## Action item:
The answer must consist of every line in the records that contains the word "show".

------ Records provided ------

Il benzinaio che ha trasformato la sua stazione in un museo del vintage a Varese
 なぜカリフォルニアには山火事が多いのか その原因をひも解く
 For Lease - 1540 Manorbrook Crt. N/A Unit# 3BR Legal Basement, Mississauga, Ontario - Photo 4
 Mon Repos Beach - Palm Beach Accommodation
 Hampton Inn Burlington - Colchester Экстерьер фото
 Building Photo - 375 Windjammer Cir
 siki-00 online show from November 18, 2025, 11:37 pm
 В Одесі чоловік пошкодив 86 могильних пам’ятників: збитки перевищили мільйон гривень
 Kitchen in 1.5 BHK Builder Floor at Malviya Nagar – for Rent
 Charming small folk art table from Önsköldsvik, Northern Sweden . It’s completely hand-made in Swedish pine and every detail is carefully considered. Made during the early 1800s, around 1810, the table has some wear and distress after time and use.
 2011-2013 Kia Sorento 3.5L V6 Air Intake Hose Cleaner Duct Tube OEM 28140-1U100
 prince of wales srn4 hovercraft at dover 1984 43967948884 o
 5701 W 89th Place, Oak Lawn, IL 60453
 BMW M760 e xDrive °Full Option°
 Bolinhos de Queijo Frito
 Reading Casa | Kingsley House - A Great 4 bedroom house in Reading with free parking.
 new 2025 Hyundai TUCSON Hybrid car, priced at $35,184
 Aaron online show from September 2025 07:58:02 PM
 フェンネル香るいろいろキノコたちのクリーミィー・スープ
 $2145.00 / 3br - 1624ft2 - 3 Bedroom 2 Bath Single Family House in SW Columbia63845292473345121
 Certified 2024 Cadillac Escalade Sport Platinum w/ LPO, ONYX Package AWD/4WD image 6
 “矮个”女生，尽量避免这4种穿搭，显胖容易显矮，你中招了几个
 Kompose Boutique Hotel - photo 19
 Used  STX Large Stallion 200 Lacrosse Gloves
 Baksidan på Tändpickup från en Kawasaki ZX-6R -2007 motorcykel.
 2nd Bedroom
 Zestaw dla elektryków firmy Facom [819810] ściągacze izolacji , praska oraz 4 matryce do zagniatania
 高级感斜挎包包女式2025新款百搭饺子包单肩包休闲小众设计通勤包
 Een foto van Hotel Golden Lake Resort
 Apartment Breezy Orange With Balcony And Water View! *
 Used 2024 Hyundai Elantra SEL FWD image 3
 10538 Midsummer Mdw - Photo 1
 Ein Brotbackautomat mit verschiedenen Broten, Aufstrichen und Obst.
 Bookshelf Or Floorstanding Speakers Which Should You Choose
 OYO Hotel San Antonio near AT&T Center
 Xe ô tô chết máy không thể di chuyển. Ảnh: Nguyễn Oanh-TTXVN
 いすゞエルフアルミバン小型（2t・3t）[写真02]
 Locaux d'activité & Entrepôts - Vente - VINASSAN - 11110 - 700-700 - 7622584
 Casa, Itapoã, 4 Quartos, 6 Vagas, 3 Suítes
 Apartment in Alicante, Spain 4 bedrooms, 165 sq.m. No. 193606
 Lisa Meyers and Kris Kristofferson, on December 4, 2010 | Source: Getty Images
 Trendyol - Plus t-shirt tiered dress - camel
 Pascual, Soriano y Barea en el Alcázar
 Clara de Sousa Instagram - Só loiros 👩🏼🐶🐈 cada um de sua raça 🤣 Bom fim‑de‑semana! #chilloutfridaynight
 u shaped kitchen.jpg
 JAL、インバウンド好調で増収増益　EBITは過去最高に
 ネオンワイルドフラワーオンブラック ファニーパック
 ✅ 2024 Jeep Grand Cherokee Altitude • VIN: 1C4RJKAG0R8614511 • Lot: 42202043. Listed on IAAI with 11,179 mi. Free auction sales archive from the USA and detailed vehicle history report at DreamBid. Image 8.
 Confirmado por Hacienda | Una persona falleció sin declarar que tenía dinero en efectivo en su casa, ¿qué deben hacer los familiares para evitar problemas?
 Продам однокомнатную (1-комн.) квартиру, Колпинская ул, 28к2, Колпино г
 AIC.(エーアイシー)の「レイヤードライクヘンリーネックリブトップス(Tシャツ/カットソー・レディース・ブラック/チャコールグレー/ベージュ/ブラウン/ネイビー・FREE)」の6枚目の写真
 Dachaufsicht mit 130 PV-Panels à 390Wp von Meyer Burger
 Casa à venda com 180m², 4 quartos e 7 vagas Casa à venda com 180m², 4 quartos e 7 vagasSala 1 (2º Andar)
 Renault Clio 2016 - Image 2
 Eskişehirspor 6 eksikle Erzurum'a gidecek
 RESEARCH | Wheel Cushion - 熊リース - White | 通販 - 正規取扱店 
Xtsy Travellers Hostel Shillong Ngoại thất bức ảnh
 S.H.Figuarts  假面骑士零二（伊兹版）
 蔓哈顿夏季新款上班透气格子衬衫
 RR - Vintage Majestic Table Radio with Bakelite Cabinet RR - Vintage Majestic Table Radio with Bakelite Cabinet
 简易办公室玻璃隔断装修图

------

## Problem solution:
 siki-00 online show from November 18, 2025, 11:37 pm
 Aaron online show from September 2025 07:58:02 PM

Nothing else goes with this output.